Some preparations for the coronation were built by the carpenter William Portington, and painted by Leonard Fryer. Triumphal arches and pageants were erected in London for the coronation, and for the royal entry which was deferred to 15 March 1604 because of the plague. John Chamberlain described them under construction in July 1603, and their flimsy nature, "Our pageants are prettily forward, but most of them are such small-timbered gentlemen that they cannot last long, and I doubt not if the plague cease not the sooner they will rot and sink where they stand".

According to a publication describing and illustrating the Dutch arch, Adrian Vanson, who had worked for King James in Scotland, was one of the team of painters and artisans recruited to finish the work. The arch included large painted vignettes and a depiction of King James enthroned. The biblical kings David and Josiah were paired with Lucius, a legendary Christian king of England, and Edward VI, a Protestant king who had supported the London Dutch Church. The city of London spent at least £4,100 and city companies made contributions, providing stands for their members and banners. The total sum spent on the city pageants is comparable with the cost of the coronation robes worn by James and Anne in 1603.

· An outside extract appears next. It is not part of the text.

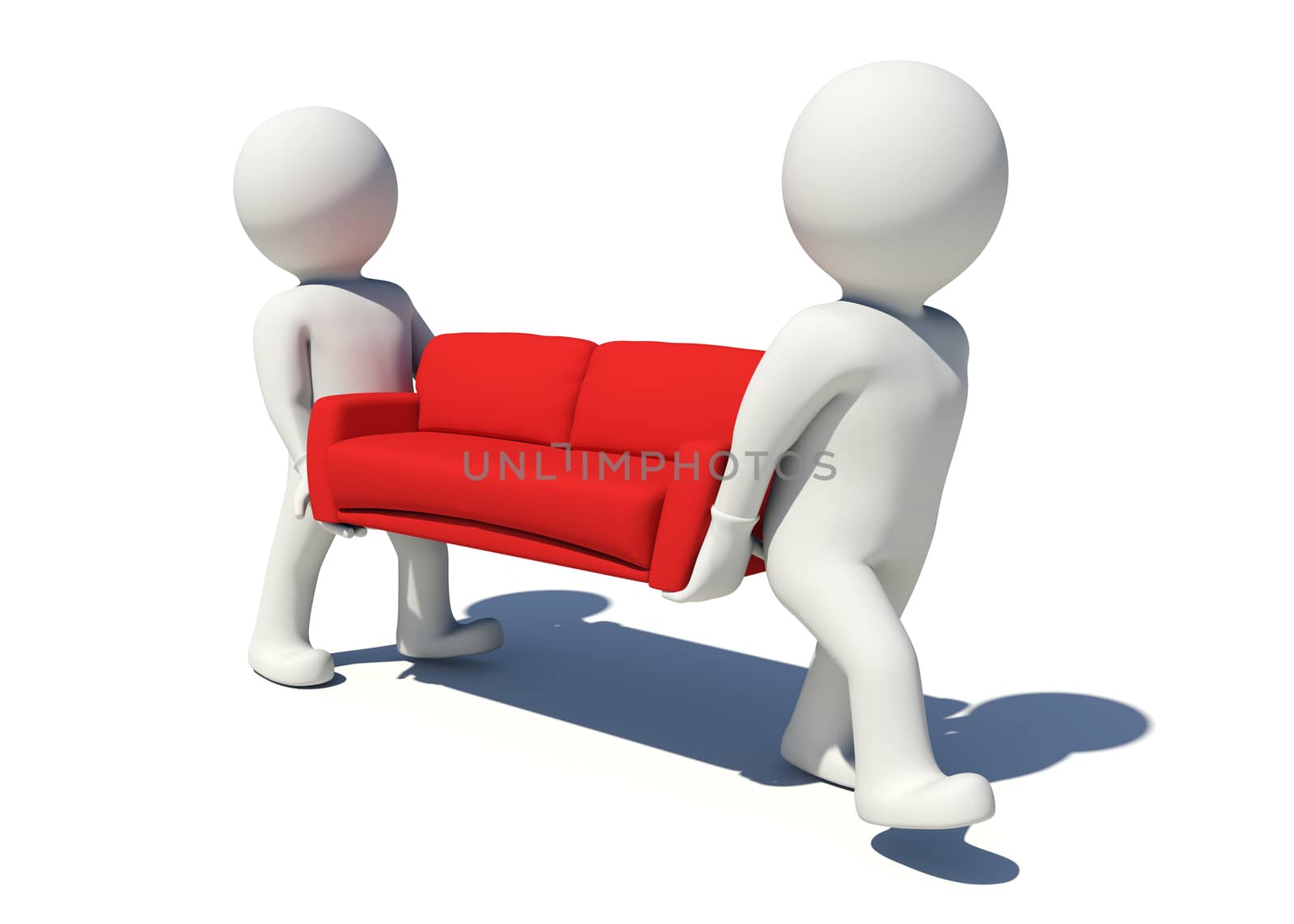 Two white people carrying red sofa. Isolated render on white background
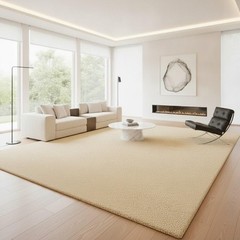 Hand-Tufted Wool Area Rug Solid Pattern Soft Contemporary Carpet for Home Décor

The chariot for Anne of Denmark and two coaches for the ladies of her household were decorated with carving by Robert More and John Banks. The cushions and seats were upholstered with red velvet, dressed with silver, passementerie bought from the king's silkman Roger Montague, and William Cookesbury supplied decorative feathers for panaches.

Several of the triumphal arches were designed by a carpenter Stephen Harrison, and illustrated in a festival book commemorating the Royal entry, engraved by William Kip. Thomas Dekker wrote The Magnificent Entertainment, and collaborated with Ben Jonson to produce on entertainments on the day, including The Coronation Triumph. According to Dekker, "the streets seemed to be paved with men; stalls instead of rich wares were set out with children; open casements filled up with women".

The Entry was described by the Count of Villamediana, the Spanish ambassador and a Venetian diplomat Nicolò Molin. James, Anne of Denmark, and Prince Henry lodged at the Tower of London. The crowds were entertained by bull-baiting and other sports. On Wednesday 15 April James rode the ceremonial route through the city followed by Henry, then Anne on a throne on a carriage pulled by mules, and Arbella Stuart in another carriage. Anne of Denmark's apparent interest in the crowds, "bending her body this way and that", was appreciated as a token of accessibility and humility, while James expressed impatience with the unceasing curiosity of the people. Villamediana noted that the procession halted where his party was seated, and Anna of Denmark rose from her seat and kissed hands.

Dekker's poem Troynovant invoked a legend of London as a new Troy or Trinovantum, founded by Brutus, with imagery of James' accession to four kingdoms as a marriage:
Where four great Kingdoms hold a festival.
Troynovant is now a bridal chamber,
Whose roof is gold, floor is of amber,
By virtue of that holy light,
That burns in Hymen's hand, more bright.

A few days later, Parliament was opened with another ceremony, and attendees wore different livery clothes to those at the Entry. James and Henry's Parliament robes were of crimson velvet lined with ermine. There were jousts on Saturday 24 March, celebrated as the king's accession day.